If you pair a neutral odor with a painful stimulus, classical conditioning, after awhile the odor alone causes fear and trembling in experimental rats. But most amazing is that the odor alone will cause fear and trembling in subsequent litters of rat pups. Epigenesis, or acquired heritable traits. Is our tribalism like that, encoded in our RNA? Is that partly why racism, prejudice and fear with consequential actions towards those not like us, is so hard to eradicate. Not to mention the worry that if I let you on this ladder, you may displace me to a lower rung. It is totally worth the struggle and effort to shed, of course, but it is interesting to consider this as one reason it is so stubborn to remove and how it leaves many among us so vulnerable to the divisive predations of a coward like Donald Duck—I mean Trump.

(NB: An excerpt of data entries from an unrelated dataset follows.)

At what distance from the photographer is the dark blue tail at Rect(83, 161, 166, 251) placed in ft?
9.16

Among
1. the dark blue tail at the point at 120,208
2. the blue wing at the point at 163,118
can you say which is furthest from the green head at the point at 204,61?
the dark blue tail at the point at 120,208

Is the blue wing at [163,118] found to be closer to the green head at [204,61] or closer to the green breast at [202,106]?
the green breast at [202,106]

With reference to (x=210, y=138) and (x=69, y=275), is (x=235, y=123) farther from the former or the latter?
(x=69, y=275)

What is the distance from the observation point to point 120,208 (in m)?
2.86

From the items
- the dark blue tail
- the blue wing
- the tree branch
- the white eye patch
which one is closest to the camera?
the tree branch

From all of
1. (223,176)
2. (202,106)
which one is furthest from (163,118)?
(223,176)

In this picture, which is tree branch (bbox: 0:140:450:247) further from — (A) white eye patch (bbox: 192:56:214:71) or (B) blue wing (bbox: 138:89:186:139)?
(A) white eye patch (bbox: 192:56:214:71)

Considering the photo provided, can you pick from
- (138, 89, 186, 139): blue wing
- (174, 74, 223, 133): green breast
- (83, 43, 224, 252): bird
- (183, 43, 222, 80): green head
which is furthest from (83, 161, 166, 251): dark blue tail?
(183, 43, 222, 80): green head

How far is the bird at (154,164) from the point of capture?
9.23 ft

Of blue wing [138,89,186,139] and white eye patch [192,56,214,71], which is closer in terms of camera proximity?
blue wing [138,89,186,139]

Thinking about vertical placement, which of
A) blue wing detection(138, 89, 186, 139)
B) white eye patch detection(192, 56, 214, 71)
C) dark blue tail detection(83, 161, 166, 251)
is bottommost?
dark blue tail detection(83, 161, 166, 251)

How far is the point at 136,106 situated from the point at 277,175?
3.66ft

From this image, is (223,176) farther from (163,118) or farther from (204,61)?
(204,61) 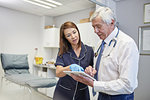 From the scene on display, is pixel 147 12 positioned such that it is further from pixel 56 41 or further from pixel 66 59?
pixel 66 59

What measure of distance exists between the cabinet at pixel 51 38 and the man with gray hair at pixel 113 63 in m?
0.77

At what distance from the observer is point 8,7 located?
1136 mm

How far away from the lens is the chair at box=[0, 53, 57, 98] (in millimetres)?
1109

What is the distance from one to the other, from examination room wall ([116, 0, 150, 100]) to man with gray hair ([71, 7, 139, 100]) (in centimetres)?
155

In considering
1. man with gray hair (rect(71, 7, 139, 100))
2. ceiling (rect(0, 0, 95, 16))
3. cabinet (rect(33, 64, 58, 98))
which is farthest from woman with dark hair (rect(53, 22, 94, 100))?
ceiling (rect(0, 0, 95, 16))

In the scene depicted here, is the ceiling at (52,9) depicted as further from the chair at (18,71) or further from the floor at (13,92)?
the floor at (13,92)

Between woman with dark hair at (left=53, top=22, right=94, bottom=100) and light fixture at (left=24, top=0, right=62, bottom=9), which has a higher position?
light fixture at (left=24, top=0, right=62, bottom=9)

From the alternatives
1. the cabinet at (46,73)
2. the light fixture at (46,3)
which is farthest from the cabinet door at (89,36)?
the cabinet at (46,73)

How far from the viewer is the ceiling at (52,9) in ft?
3.94

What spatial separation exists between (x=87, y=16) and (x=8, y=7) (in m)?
1.35

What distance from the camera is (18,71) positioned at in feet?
3.87

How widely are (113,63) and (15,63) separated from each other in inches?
34.4

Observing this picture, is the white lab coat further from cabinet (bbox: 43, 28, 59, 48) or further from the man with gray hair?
cabinet (bbox: 43, 28, 59, 48)

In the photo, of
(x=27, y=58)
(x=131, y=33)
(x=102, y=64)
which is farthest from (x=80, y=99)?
(x=131, y=33) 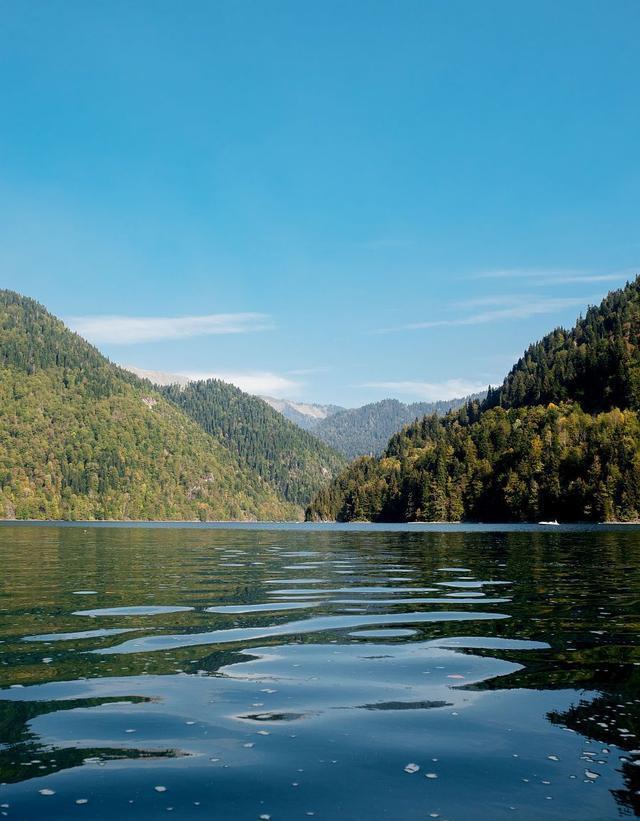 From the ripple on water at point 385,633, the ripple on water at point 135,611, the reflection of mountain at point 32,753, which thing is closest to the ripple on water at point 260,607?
the ripple on water at point 135,611

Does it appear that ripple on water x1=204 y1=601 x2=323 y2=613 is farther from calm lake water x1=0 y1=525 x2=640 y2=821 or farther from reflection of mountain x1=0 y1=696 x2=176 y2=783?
reflection of mountain x1=0 y1=696 x2=176 y2=783

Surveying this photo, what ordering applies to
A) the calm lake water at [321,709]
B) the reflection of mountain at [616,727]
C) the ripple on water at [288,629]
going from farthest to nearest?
1. the ripple on water at [288,629]
2. the reflection of mountain at [616,727]
3. the calm lake water at [321,709]

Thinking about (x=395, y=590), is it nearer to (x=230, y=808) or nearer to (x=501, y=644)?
(x=501, y=644)

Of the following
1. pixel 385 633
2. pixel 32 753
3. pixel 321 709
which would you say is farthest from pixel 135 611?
pixel 32 753

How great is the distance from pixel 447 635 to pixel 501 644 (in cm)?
209

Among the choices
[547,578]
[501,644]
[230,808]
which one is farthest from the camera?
[547,578]

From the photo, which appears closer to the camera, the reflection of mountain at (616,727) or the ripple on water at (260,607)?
the reflection of mountain at (616,727)

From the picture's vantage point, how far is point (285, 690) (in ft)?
51.9

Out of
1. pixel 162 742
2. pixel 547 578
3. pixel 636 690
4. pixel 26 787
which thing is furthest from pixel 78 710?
pixel 547 578

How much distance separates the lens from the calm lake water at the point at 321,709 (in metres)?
10.1

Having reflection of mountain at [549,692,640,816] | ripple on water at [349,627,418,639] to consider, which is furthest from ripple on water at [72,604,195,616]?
reflection of mountain at [549,692,640,816]

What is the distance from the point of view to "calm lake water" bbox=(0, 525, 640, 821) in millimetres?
10078

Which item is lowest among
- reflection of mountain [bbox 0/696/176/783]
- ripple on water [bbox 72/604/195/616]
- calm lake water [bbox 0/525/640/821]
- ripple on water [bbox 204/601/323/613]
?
ripple on water [bbox 204/601/323/613]

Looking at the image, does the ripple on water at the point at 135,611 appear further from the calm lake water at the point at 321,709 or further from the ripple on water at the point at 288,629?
the ripple on water at the point at 288,629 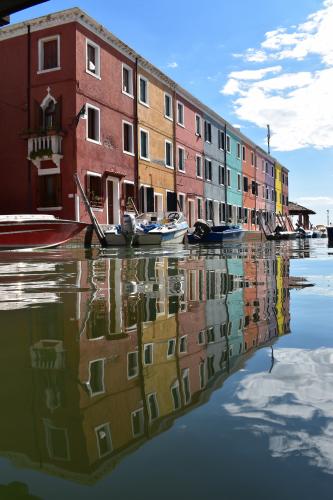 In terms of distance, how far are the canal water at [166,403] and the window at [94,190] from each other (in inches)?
624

“You’re just lucky we want equality, not revenge.” True and powerful words by a black female protester. For years I have been amazed that, given all the oppression and suffering of blacks, they haven’t arisen in armed struggle. The Black Panthers were a self-defense and community social movement, feeding children and operating medical clinics before J. Edgar Hoover harassed, infiltrated, and assassinated them. The rest is a very sad tale of black leaders being jailed, exiled, and executed as the Party, with thousands of members and offices in 68 cities in the US, shrank and died.